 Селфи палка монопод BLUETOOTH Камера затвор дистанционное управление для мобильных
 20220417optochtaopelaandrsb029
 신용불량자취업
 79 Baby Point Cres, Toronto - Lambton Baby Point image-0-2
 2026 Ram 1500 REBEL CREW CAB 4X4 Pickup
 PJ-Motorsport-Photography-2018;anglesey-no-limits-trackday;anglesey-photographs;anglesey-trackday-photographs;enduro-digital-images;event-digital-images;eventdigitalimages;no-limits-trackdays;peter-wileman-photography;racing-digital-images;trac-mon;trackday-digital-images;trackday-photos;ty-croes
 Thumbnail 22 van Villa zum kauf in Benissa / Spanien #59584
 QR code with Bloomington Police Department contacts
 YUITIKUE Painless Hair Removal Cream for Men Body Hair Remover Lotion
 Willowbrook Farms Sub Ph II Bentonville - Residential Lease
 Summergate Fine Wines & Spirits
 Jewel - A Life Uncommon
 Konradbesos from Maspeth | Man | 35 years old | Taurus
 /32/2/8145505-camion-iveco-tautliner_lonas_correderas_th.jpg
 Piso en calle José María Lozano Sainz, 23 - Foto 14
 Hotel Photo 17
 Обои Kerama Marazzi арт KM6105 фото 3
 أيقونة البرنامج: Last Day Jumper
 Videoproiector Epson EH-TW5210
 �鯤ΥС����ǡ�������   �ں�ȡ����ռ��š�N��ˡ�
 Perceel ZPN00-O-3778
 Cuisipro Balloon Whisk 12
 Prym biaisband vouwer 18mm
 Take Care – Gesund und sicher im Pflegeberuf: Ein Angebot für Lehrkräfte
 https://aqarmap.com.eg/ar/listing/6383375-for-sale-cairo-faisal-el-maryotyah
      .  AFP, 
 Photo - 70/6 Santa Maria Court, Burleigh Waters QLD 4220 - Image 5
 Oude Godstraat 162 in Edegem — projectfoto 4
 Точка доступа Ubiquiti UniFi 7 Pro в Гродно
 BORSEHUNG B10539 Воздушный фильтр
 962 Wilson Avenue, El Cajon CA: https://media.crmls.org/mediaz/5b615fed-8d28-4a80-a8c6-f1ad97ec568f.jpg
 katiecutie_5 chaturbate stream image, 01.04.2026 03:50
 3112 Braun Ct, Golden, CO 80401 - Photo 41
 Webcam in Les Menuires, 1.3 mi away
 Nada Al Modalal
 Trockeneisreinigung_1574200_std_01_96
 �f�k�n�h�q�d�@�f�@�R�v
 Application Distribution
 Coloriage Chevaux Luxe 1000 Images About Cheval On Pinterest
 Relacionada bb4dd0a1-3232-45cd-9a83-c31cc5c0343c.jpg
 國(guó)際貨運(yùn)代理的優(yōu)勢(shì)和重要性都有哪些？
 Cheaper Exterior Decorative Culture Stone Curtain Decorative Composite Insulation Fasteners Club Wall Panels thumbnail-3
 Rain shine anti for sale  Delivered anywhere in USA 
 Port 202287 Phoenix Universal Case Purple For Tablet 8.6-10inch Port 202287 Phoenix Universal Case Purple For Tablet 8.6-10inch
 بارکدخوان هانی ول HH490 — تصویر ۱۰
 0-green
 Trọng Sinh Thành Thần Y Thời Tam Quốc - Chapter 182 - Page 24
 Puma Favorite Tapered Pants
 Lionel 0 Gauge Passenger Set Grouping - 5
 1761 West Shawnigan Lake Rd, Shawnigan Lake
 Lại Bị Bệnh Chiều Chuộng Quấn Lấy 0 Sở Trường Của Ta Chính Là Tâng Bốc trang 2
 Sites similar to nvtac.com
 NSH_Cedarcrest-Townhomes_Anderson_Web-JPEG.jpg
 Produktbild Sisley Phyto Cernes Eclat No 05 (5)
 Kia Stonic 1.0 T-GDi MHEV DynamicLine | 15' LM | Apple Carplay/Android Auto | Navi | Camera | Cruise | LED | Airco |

- - -

→ **Exercise brief**: Reproduce the entries above exactly, starting at their first line and finishing with the line that contains "國(guó)際貨運(yùn)代理的優(yōu)勢(shì)和重要性都有哪些？".

→ **Answer area**:
 Селфи палка монопод BLUETOOTH Камера затвор дистанционное управление для мобильных
 20220417optochtaopelaandrsb029
 신용불량자취업
 79 Baby Point Cres, Toronto - Lambton Baby Point image-0-2
 2026 Ram 1500 REBEL CREW CAB 4X4 Pickup
 PJ-Motorsport-Photography-2018;anglesey-no-limits-trackday;anglesey-photographs;anglesey-trackday-photographs;enduro-digital-images;event-digital-images;eventdigitalimages;no-limits-trackdays;peter-wileman-photography;racing-digital-images;trac-mon;trackday-digital-images;trackday-photos;ty-croes
 Thumbnail 22 van Villa zum kauf in Benissa / Spanien #59584
 QR code with Bloomington Police Department contacts
 YUITIKUE Painless Hair Removal Cream for Men Body Hair Remover Lotion
 Willowbrook Farms Sub Ph II Bentonville - Residential Lease
 Summergate Fine Wines & Spirits
 Jewel - A Life Uncommon
 Konradbesos from Maspeth | Man | 35 years old | Taurus
 /32/2/8145505-camion-iveco-tautliner_lonas_correderas_th.jpg
 Piso en calle José María Lozano Sainz, 23 - Foto 14
 Hotel Photo 17
 Обои Kerama Marazzi арт KM6105 фото 3
 أيقونة البرنامج: Last Day Jumper
 Videoproiector Epson EH-TW5210
 �鯤ΥС����ǡ�������   �ں�ȡ����ռ��š�N��ˡ�
 Perceel ZPN00-O-3778
 Cuisipro Balloon Whisk 12
 Prym biaisband vouwer 18mm
 Take Care – Gesund und sicher im Pflegeberuf: Ein Angebot für Lehrkräfte
 https://aqarmap.com.eg/ar/listing/6383375-for-sale-cairo-faisal-el-maryotyah
      .  AFP, 
 Photo - 70/6 Santa Maria Court, Burleigh Waters QLD 4220 - Image 5
 Oude Godstraat 162 in Edegem — projectfoto 4
 Точка доступа Ubiquiti UniFi 7 Pro в Гродно
 BORSEHUNG B10539 Воздушный фильтр
 962 Wilson Avenue, El Cajon CA: https://media.crmls.org/mediaz/5b615fed-8d28-4a80-a8c6-f1ad97ec568f.jpg
 katiecutie_5 chaturbate stream image, 01.04.2026 03:50
 3112 Braun Ct, Golden, CO 80401 - Photo 41
 Webcam in Les Menuires, 1.3 mi away
 Nada Al Modalal
 Trockeneisreinigung_1574200_std_01_96
 �f�k�n�h�q�d�@�f�@�R�v
 Application Distribution
 Coloriage Chevaux Luxe 1000 Images About Cheval On Pinterest
 Relacionada bb4dd0a1-3232-45cd-9a83-c31cc5c0343c.jpg
 國(guó)際貨運(yùn)代理的優(yōu)勢(shì)和重要性都有哪些？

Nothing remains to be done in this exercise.